The last two versions of Jelly Bean haven’t given us a ton to be excited about. The biggest feature in version 4.3 was the integration of Bluetooth Low Energy to the Android hardware specification along with OpenGL for Embedded Systems. These are good updates for app developers out there but leave much to be desired for users that are looking for a fresh coat of paint and improved user experience. 

The Google Experience

In that vein, the rumor mill points towards a major feature that will change some of the fundamental usability of Android: the “Google Experience.” 

Source: Android Police Source: Android Police

The Google Experience Launcher is rumored to be a hub launcher for Google apps and widgets on Android devices. Google Experience will be a form of launcher within Android that will not be tied specifically to version 4.4 KitKat but will rather be an app through the Google Play app store that will be compatible with devices running Android back to version 2.2 Froyo. 

A launcher is also known in general terms as a “skin” but the terms are not mutually exclusive. The Google Experience Launcher is rumored by the blog Android Police to be a widget that live on the Android homescreen in which Google features like Search and Google Now are heavily integrated, can read the data within the widget and update itself. A launcher would also control aspects such as app folders and homescreens (which are rumored to be infinite instead of limited to five as they are in current builds of Android).

What would Google Experience mean for Android users? Speculation is that KitKat 4.4 will enable support for lower-end Android devices. Google Experience would likely be the vehicle for that. 

If you have been following the evolution of Android as an operating system, you will note that the Google has made some pretty significant changes to how Android works on a smartphone. In the past, Google used to tie almost all of the functionality of its own apps to the Android kernel. That meant developers and consumers would need a certain version of Android to get new features. Wanted the latest update to the Google Play app store (formerly Android Market)? You needed to update your Android software. How about the latest APIs and user interface in Google Maps and Navigation? Update Android. Gmail, Calendar, Talk (now Hangouts) or any other Google service? It was tied to the Android kernel.

Google changed all of that with the release of Android 4.1 Jelly Bean, decoupling its own apps from the Android operating system. Instead of being tied to Android, features and APIs like Maps either stand alone as their own apps that live in the Google Play store and/or are tied to what is called Google Play Services.

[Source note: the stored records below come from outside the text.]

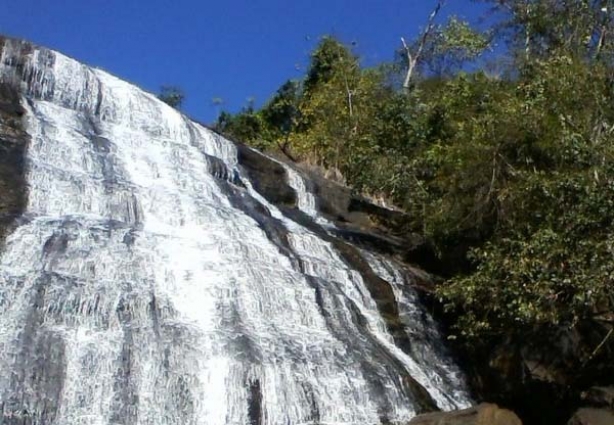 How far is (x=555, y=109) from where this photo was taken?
20.7 meters

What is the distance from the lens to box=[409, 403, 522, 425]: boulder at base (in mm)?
14758

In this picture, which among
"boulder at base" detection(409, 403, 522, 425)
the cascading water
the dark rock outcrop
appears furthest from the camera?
the dark rock outcrop

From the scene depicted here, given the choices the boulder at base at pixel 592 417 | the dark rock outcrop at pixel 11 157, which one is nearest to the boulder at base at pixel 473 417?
the boulder at base at pixel 592 417

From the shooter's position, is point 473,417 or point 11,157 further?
point 11,157

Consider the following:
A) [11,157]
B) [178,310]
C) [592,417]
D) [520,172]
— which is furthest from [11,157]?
[592,417]

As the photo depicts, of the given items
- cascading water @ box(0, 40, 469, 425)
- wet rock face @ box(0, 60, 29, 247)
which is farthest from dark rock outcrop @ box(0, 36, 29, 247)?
cascading water @ box(0, 40, 469, 425)

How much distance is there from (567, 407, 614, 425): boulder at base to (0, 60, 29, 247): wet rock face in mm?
10908

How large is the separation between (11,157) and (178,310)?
7012mm

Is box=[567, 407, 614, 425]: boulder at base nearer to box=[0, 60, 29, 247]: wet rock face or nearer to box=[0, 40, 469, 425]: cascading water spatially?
box=[0, 40, 469, 425]: cascading water

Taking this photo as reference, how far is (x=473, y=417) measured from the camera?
583 inches

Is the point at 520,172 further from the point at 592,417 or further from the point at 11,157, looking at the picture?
the point at 11,157

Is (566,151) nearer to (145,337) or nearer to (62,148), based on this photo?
(145,337)

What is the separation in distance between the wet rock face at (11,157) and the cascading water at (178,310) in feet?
0.78

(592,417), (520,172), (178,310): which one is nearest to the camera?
(592,417) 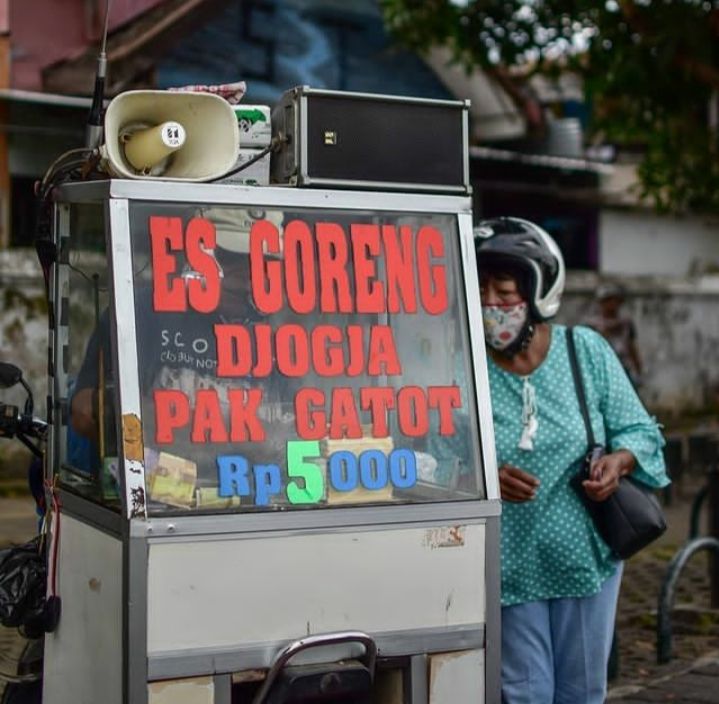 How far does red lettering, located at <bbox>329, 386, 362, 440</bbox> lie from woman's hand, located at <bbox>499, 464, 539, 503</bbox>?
674mm

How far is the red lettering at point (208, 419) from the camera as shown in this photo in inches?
138

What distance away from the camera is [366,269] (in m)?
3.74

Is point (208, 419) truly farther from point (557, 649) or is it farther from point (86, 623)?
point (557, 649)

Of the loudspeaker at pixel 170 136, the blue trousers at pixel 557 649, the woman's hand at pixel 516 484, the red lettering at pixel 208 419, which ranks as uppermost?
the loudspeaker at pixel 170 136

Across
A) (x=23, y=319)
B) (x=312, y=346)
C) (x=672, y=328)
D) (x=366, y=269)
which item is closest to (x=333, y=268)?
(x=366, y=269)

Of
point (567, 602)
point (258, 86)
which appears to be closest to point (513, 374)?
point (567, 602)

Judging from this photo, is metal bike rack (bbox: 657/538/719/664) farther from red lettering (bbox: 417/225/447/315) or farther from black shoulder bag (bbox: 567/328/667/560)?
red lettering (bbox: 417/225/447/315)

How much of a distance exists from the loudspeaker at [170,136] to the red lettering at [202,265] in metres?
0.13

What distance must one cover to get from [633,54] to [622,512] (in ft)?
20.5

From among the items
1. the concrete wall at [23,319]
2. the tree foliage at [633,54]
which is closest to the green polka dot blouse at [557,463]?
the tree foliage at [633,54]

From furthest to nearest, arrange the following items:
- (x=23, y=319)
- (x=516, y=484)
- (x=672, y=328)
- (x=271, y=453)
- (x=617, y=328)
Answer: (x=672, y=328) < (x=617, y=328) < (x=23, y=319) < (x=516, y=484) < (x=271, y=453)

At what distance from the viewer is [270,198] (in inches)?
142

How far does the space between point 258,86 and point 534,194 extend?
5634mm

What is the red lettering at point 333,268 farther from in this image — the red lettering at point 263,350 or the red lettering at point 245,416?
the red lettering at point 245,416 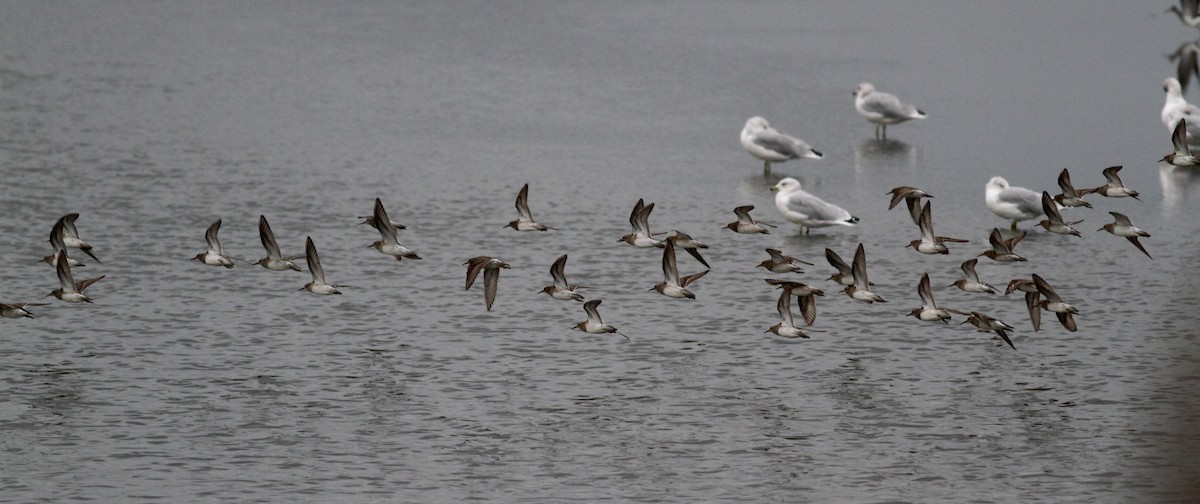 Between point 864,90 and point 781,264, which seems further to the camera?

Google Experience As A Front-End Extension Of Google Play Services

Google Play Services is what is known in the computing world as a “shim.” Here is the definition of a shim, from Wikipedia:

In computer programming, a shim (from shim) or shiv is a small library that transparently intercepts an API and changes the parameters passed, handles the operation itself, or redirects the operation elsewhere. Shims typically come about when the behavior of an API changes, thereby causing compatibility issues for older applications which still rely on the older functionality. In such cases, the older API can still be supported by a thin compatibility layer on top of the newer code. Web polyfills are a related concept. Shims can also be used for running programs on different software platforms than they were developed for.

In Android, Google Play Services is a stand-alone app that runs in the background. It updates itself with functionality directly from Google without the user doing anything. It downloads its own code and enacts its own functionality. For example, if there is an update to the Google Play Store or Maps, it is downloaded and implemented through Google Play Services. 

If the Google Experience is really going to be a primary feature in KitKat 4.4, as the rumors say it will, then what Google is doing is giving Google Play Services a front-end user interface for Android devices. 

By extension, the Google Experience can be transported back to older versions of Android. If we look at the definition of a shim in that, “the older API can still be supported by a thin compatibility layer on top of the new code” then it is possible for Google to bring just about all of the Android features and functionality that are not explicitly tied to hardware back to any phone running a previous version of Android.